[SUPPLIED ENTRIES — start]

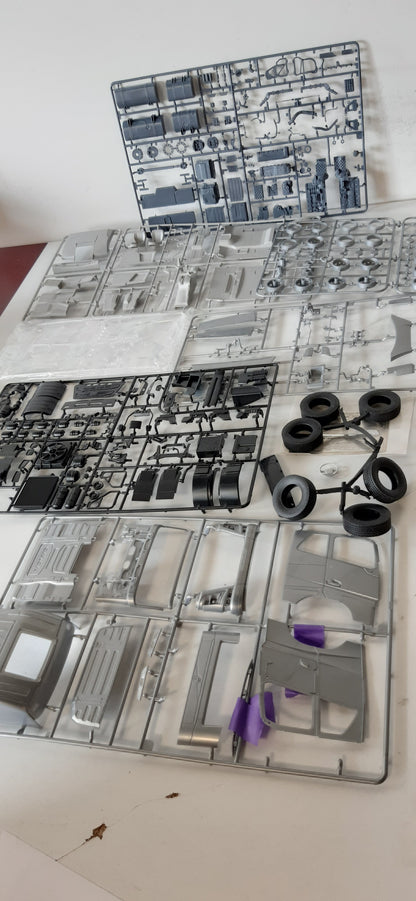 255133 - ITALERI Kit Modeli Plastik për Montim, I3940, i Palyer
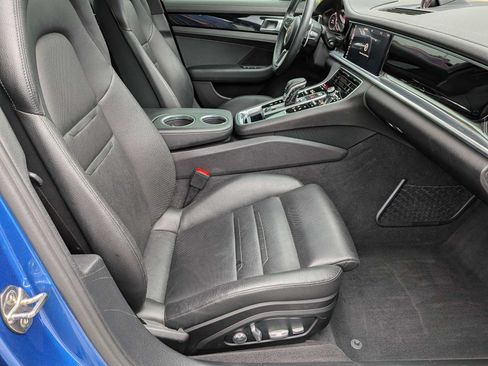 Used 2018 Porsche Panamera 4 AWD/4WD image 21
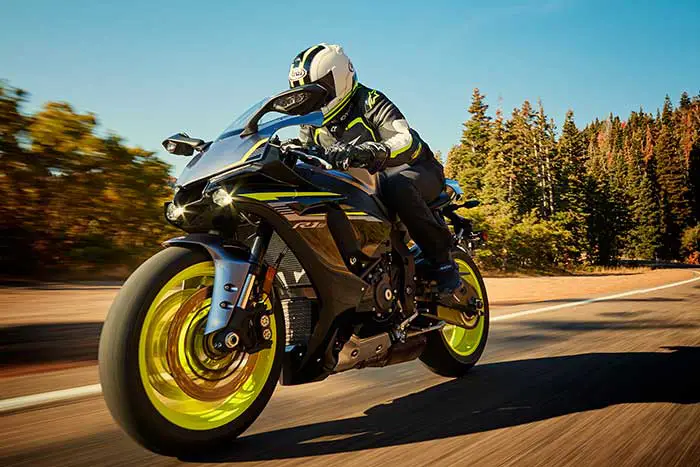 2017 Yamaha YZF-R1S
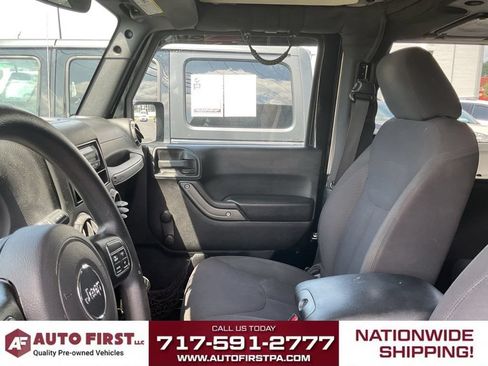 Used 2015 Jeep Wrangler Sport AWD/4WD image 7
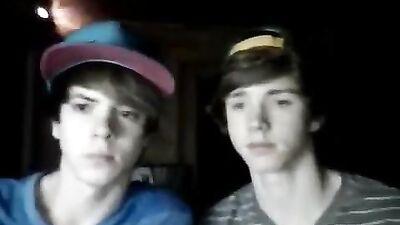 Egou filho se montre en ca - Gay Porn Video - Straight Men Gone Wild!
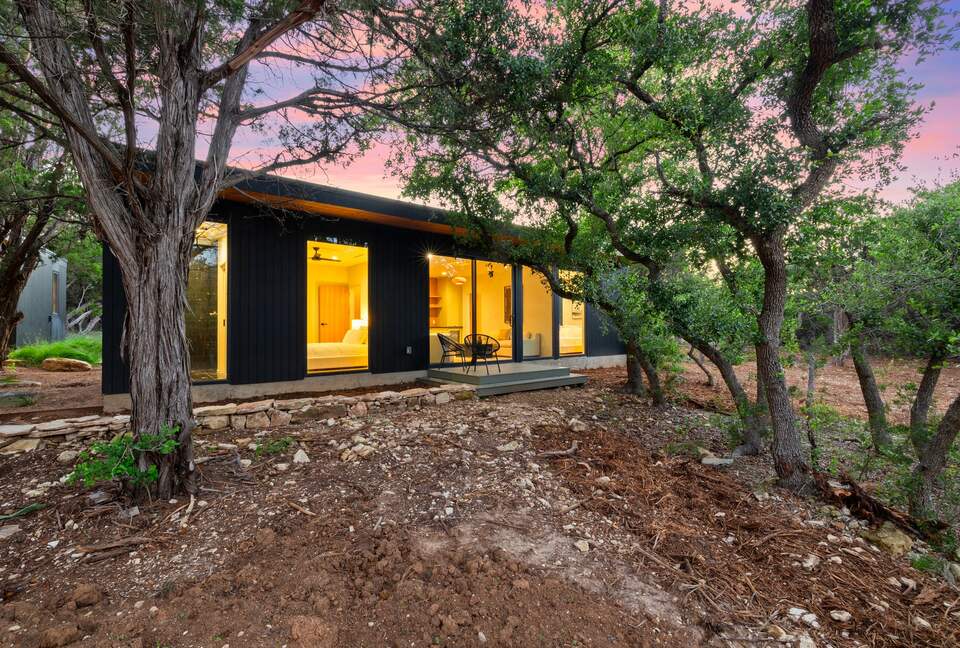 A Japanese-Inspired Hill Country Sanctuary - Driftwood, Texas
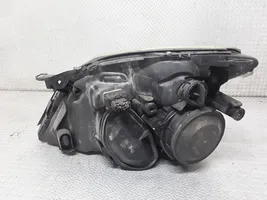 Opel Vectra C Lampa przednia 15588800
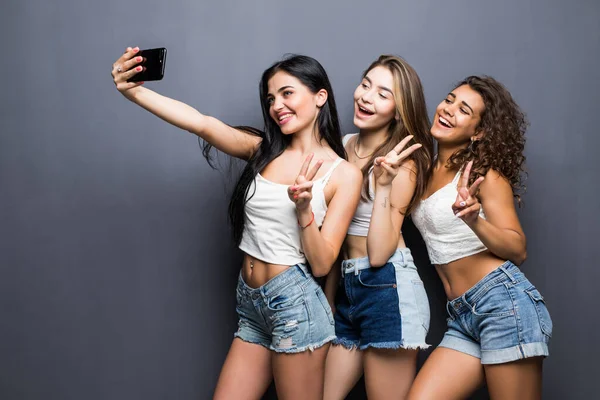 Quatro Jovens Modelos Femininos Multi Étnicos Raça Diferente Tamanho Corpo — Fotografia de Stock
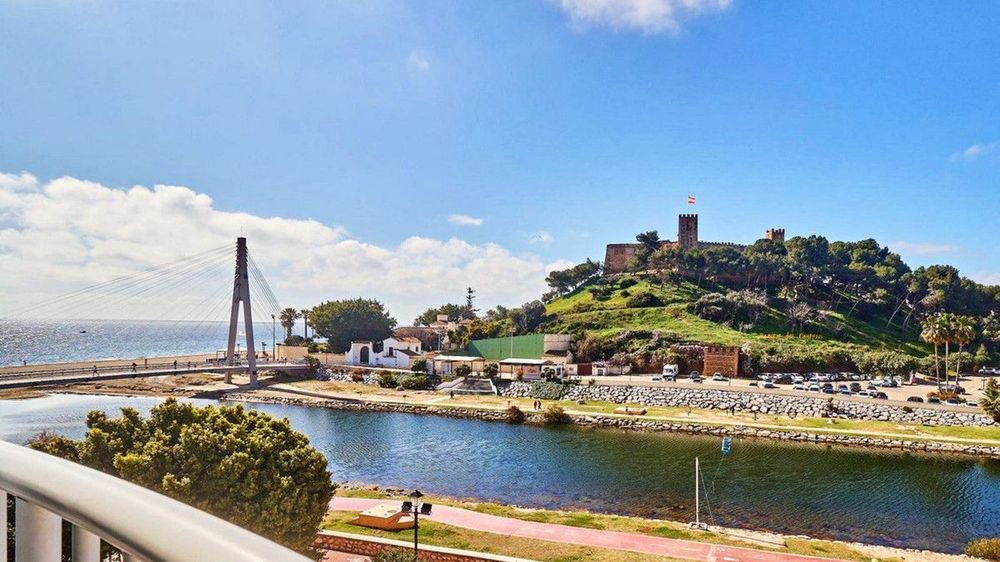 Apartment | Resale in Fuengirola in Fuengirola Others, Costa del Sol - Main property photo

[SUPPLIED ENTRIES — finish]

Each record must appear again exactly as written above, without its pictures.

WRITTEN SOLUTION
 255133 - ITALERI Kit Modeli Plastik për Montim, I3940, i Palyer
 Used 2018 Porsche Panamera 4 AWD/4WD image 21
 2017 Yamaha YZF-R1S
 Used 2015 Jeep Wrangler Sport AWD/4WD image 7
 Egou filho se montre en ca - Gay Porn Video - Straight Men Gone Wild!
 A Japanese-Inspired Hill Country Sanctuary - Driftwood, Texas
 Opel Vectra C Lampa przednia 15588800
 Quatro Jovens Modelos Femininos Multi Étnicos Raça Diferente Tamanho Corpo — Fotografia de Stock
 Apartment | Resale in Fuengirola in Fuengirola Others, Costa del Sol - Main property photo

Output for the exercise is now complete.